Records supplied:
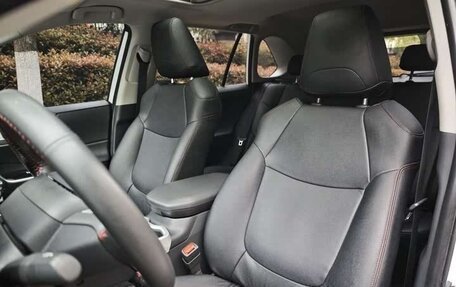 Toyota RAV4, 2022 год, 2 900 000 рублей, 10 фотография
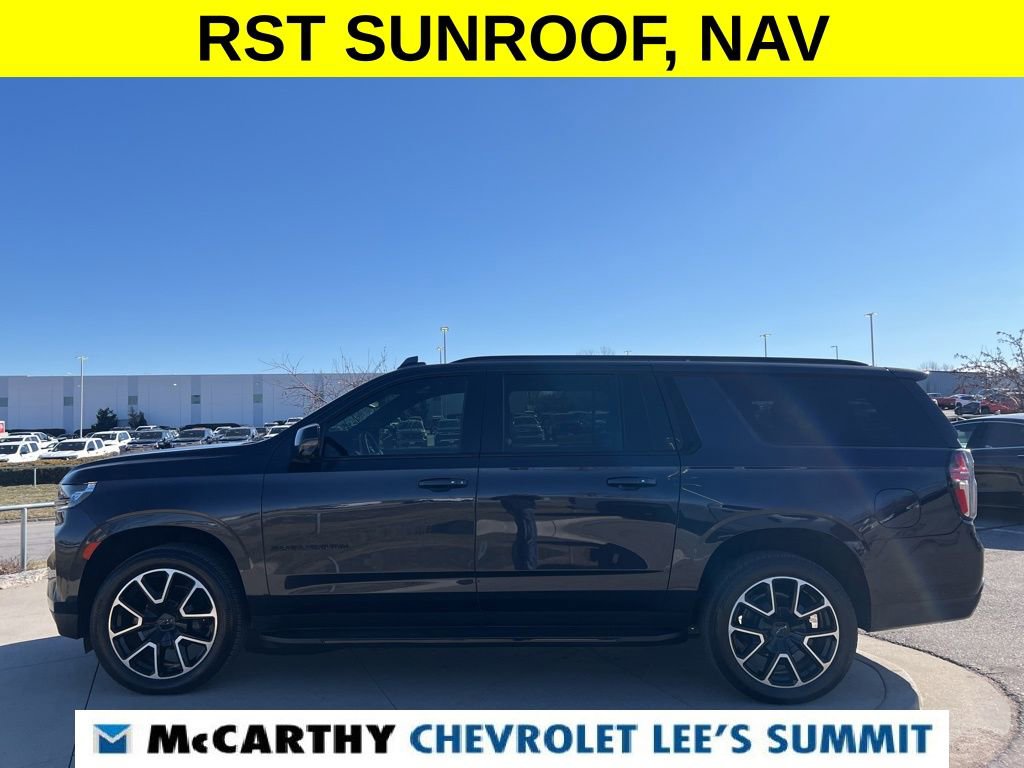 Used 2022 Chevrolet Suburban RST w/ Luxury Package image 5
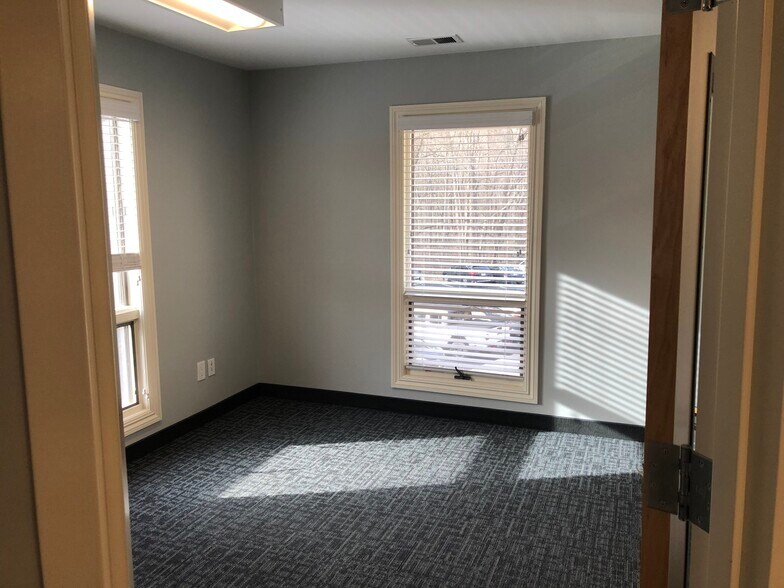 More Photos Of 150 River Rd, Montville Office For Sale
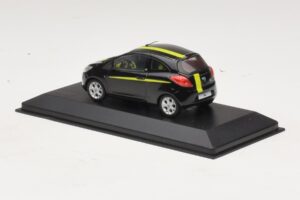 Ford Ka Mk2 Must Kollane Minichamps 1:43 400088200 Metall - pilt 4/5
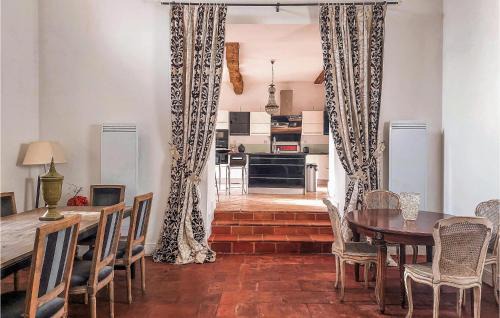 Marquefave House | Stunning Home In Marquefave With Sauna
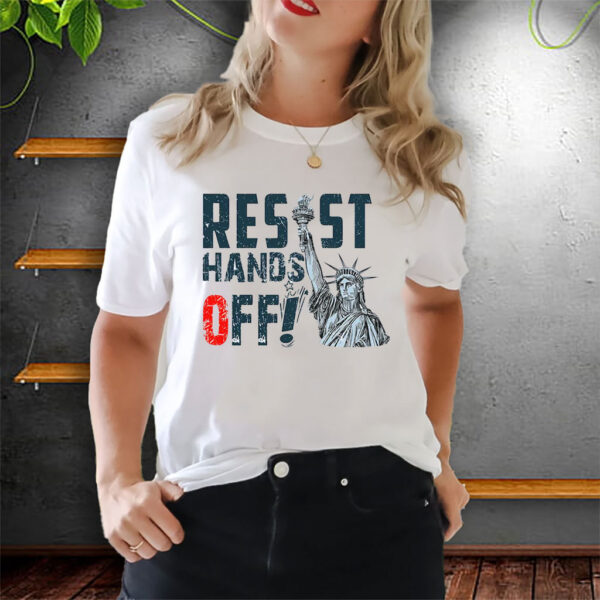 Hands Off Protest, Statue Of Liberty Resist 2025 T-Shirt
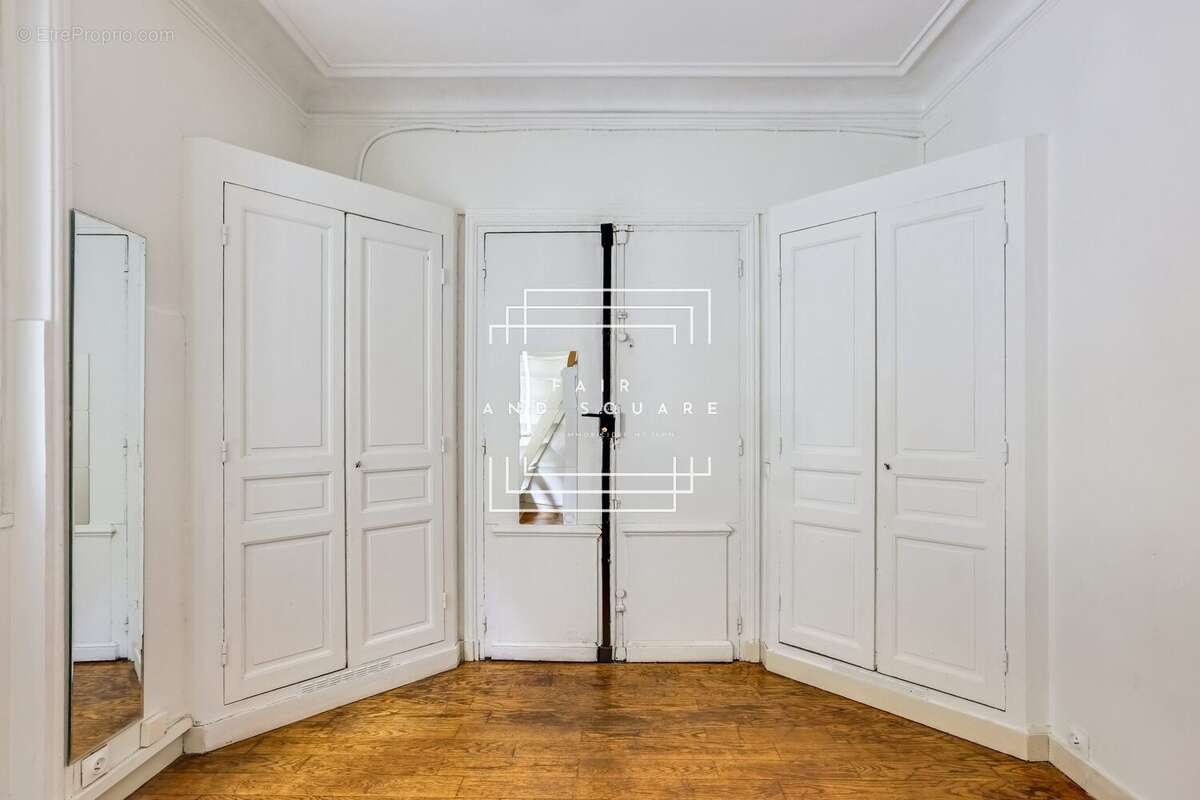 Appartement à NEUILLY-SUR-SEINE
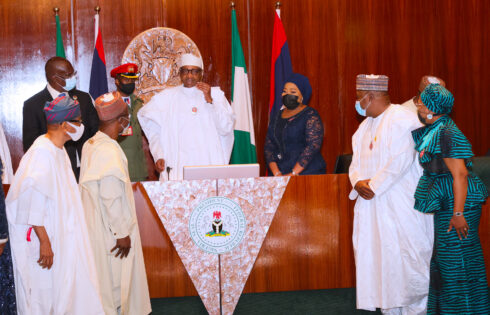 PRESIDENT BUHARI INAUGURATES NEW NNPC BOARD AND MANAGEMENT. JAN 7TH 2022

Exercise:
Keep to the lines above from the line with "More Photos Of" to the line with "Appartement à NEUILLY-SUR-SEINE", and set down exactly those, inclusive, with nothing else and every picture left out.

Reply:
 More Photos Of 150 River Rd, Montville Office For Sale
 Ford Ka Mk2 Must Kollane Minichamps 1:43 400088200 Metall - pilt 4/5
 Marquefave House | Stunning Home In Marquefave With Sauna
 Hands Off Protest, Statue Of Liberty Resist 2025 T-Shirt
 Appartement à NEUILLY-SUR-SEINE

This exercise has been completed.